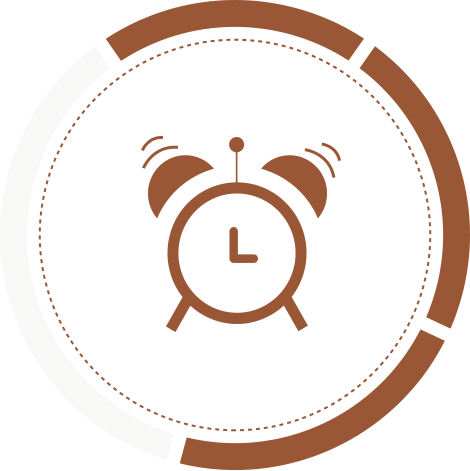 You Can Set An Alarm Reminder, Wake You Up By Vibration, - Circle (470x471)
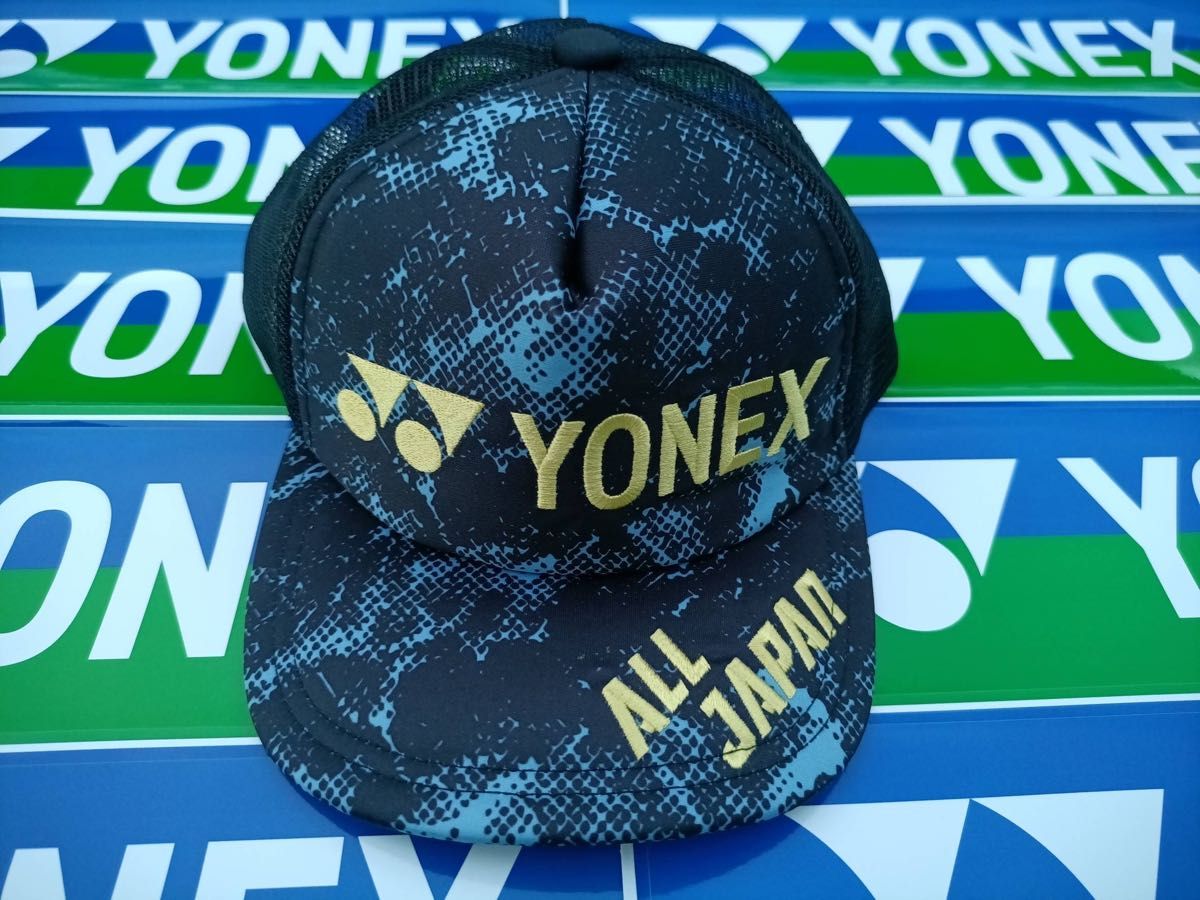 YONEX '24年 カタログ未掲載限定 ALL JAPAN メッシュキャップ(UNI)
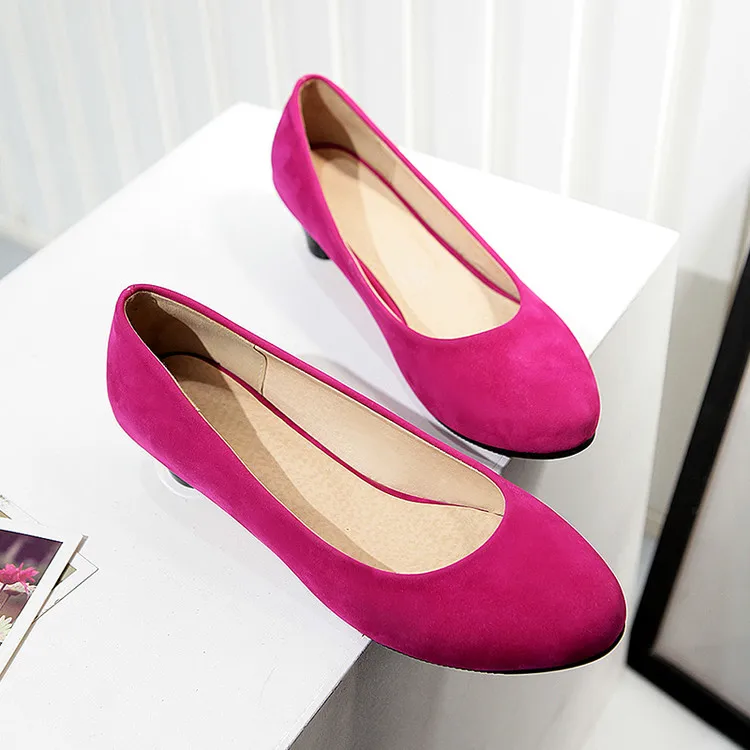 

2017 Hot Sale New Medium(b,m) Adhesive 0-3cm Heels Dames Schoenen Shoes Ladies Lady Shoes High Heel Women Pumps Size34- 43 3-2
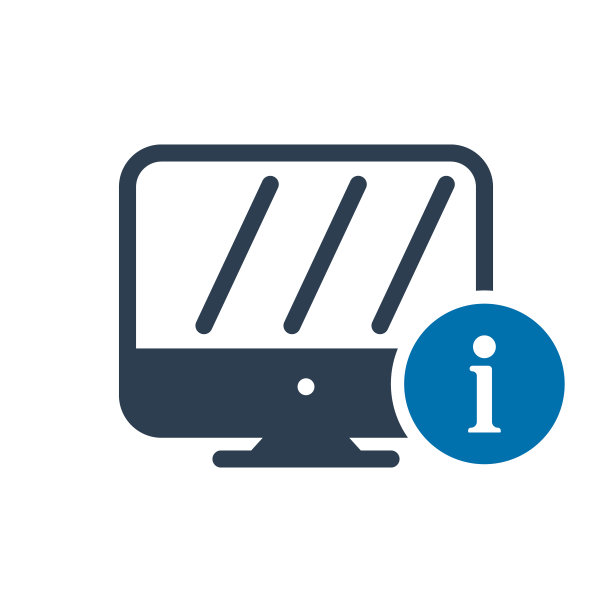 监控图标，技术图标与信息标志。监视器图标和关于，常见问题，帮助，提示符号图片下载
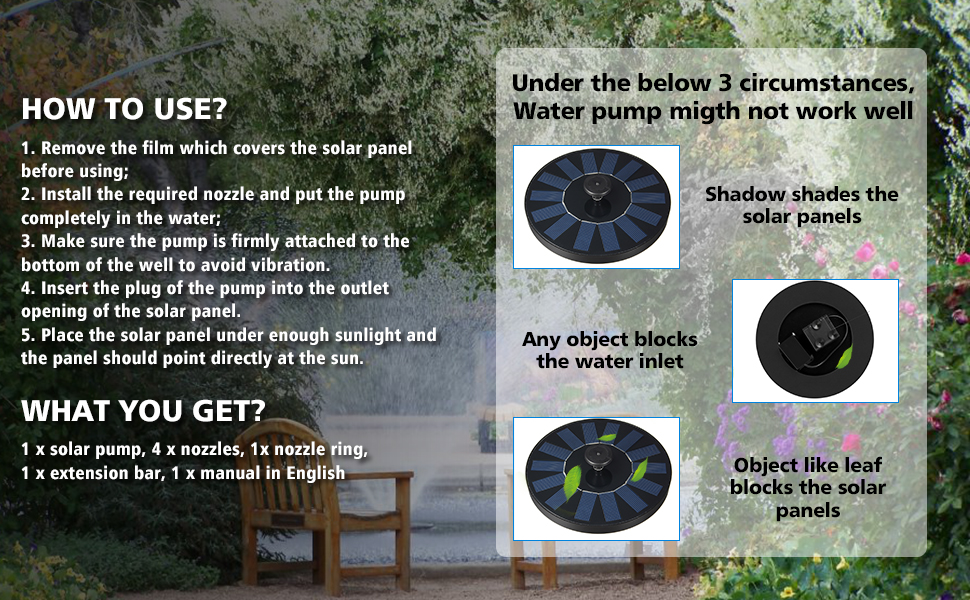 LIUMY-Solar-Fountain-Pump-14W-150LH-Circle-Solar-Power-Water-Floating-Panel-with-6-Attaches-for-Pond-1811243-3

******************************

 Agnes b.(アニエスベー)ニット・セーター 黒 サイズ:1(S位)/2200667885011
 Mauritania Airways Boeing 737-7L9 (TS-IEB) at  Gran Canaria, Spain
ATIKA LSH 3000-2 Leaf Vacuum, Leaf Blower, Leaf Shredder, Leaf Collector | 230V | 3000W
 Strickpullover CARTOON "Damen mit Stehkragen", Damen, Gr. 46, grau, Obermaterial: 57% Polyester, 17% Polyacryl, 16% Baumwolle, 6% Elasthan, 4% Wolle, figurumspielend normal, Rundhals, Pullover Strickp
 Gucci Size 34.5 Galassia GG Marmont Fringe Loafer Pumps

******************************

■ **PROBLEM STATEMENT**:
How many lines in the material contain the string "Pumps"? Give the number alone.

■ **SOLUTION TO THE PROBLEM**:
2